## Data section
[Start of Attachment]

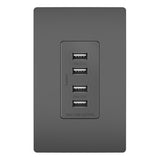 Legrand TM8USB4BKCC6 | Radiant Collection | Radiant Quad USB Charger, Black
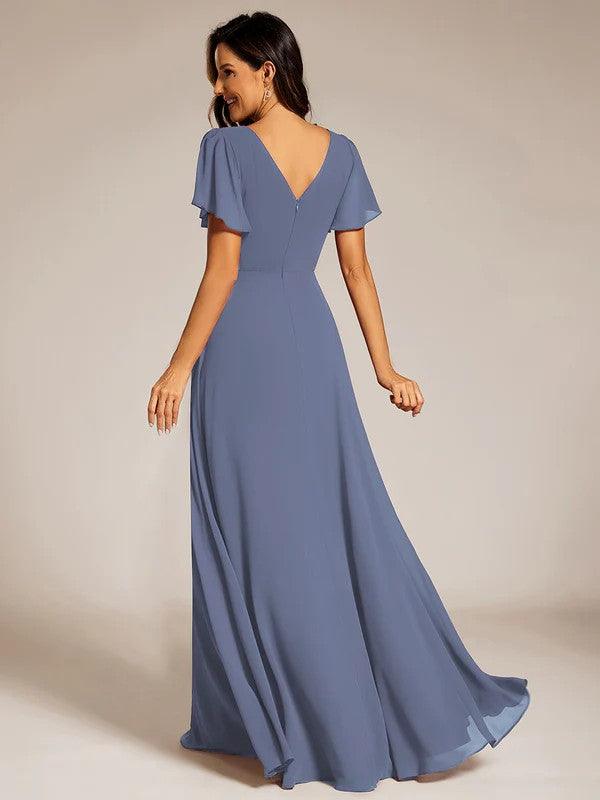 A-Line Sweep-Brush Train Chiffon Bridesmaid Dress CB0720 - COCOMELODY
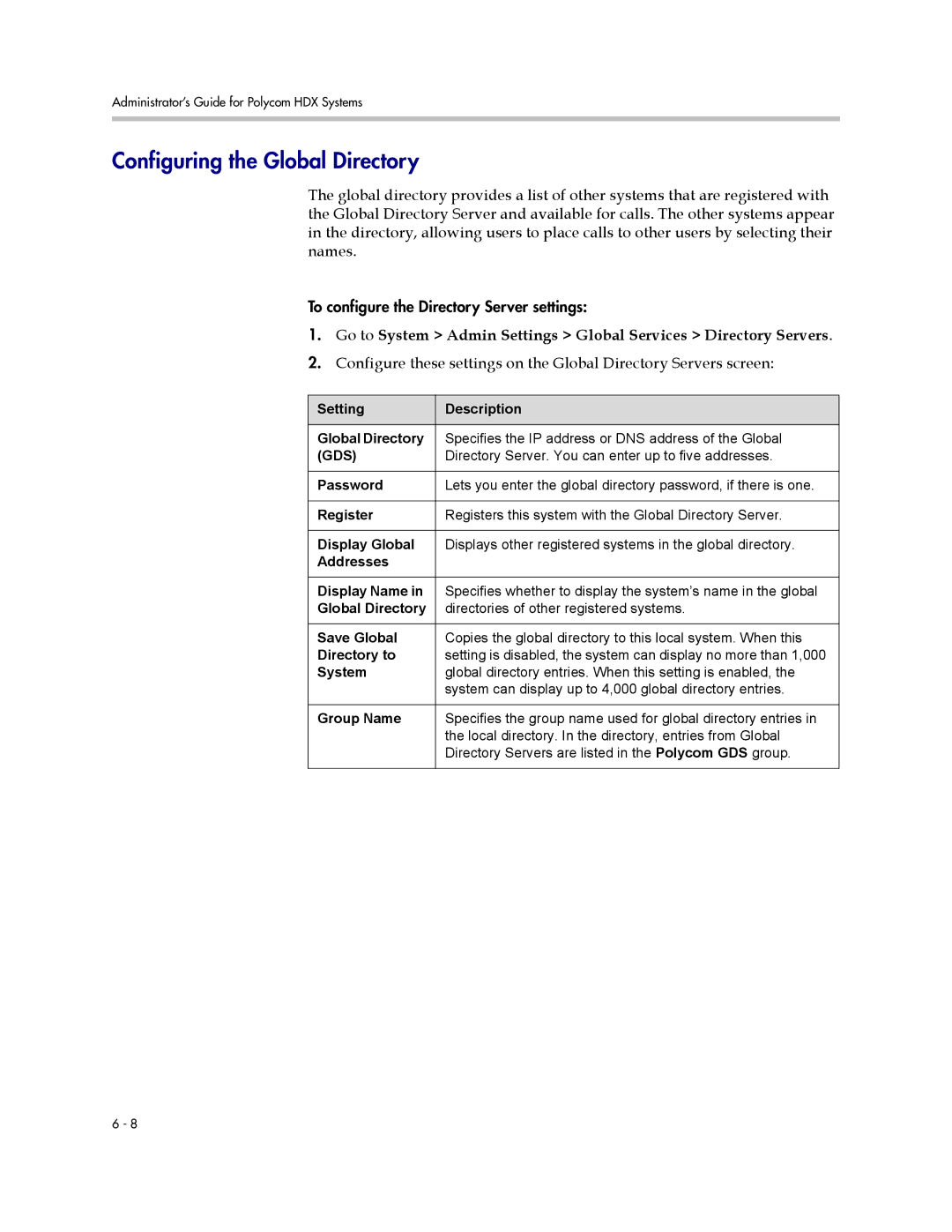 Polycom 1 manual Configuring the Global Directory, Directory Server. You can enter up to five addresses 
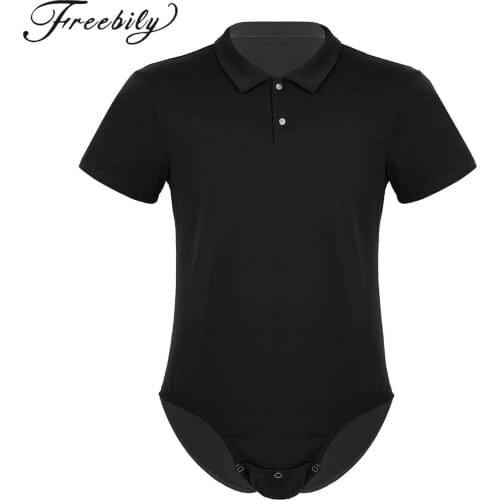Men Turn-down Collar Bodysuit Romper Pajamas Sexy Short Sleeves One-piece Snap Crotch Homewear Nightwear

[End of Attachment]

## The problem
An exact copy of the listing is required; return it without any pictures.

## Response to this exercise
 Legrand TM8USB4BKCC6 | Radiant Collection | Radiant Quad USB Charger, Black
 A-Line Sweep-Brush Train Chiffon Bridesmaid Dress CB0720 - COCOMELODY
 Polycom 1 manual Configuring the Global Directory, Directory Server. You can enter up to five addresses 
Men Turn-down Collar Bodysuit Romper Pajamas Sexy Short Sleeves One-piece Snap Crotch Homewear Nightwear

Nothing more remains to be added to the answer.